Using the example above, maybe learners aren’t retaining information because the orientation environment is filled with distractions. Maybe the orientation room is beside a high-traffic hallway, and the sound of foot traffic and passing conversation leaks into the room. Maybe the room is physically too small to house all the learners comfortably. Or maybe someone from IT is roaming the room to assist learners with computer login issues, which is distracting to learners. The overall hypothesis here is that the learning environment is affecting the learners’ retention of information delivered in their workplace orientation.

Make Testable Predictions
With this hypothesis in mind, the next step is to design a way to test our predictions. The design of our test is important, because the better we design our test, the more confidence we can have in the accuracy and meaningfulness of our results. That said, it’s often not possible to have a perfect study design, especially if we’re hoping to conduct experiments. Often there are tons of constraints we have to account for, such as time, financial, or geographical constraints, to name only a few. So we often have to make the most of the available resources.

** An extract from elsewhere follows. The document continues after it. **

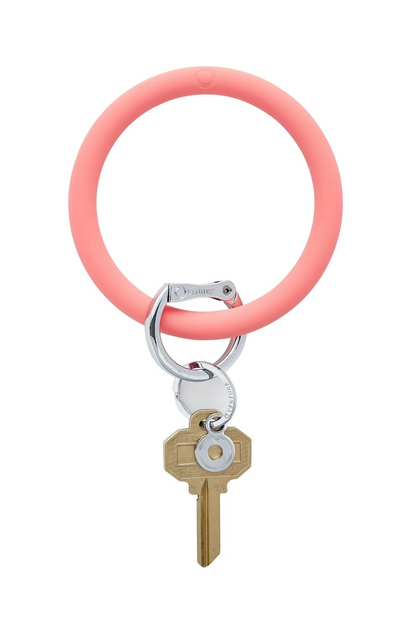 Silicone Key Ring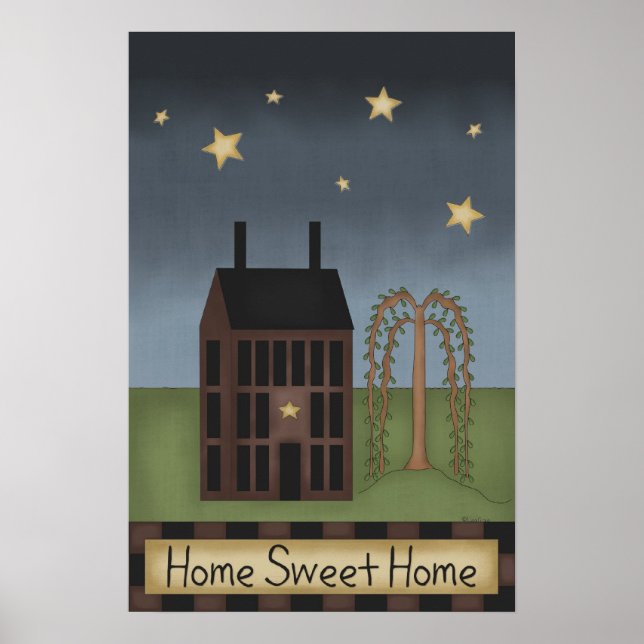 HOME SWEET HOME POSTER (Front)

Here’s a simplified list of things we should consider when setting up a test of our prediction(s):
Selecting a Sample: Ideally, we want a group of participants (a sample) that’s big and diverse enough to generalize our results to a broader population. The goal isn’t necessarily to generalize to the entire world, but at least to a culturally similar population beyond our own institution — like an industry, province, country, or continent.
Choosing a Research Approach: Next, we must decide on whether to conduct quantitative or qualitative research.
- Qualitative research helps us understand the meaning behind human behaviour, it excels at exploring motivation, perception, or experience.
- Quantitative research, allows us to measure what changes and by how much. It’s particularly useful for evaluating instructional strategies and assessing improvements in learning outcomes.
While both approaches are valuable, I’ll focus primarily on experiments and quasi-experimental studies that use quantitative inquiry to examine data-driven educational strategies and their impact on learner performance.
Controlling for Confounding Variables: If we decide to go the quantitative research route, we need to control for confounding variables — factors that could influence the results in unintended ways. By doing so, we ensure our findings reflect what we’re actually trying to test, rather than something else entirely.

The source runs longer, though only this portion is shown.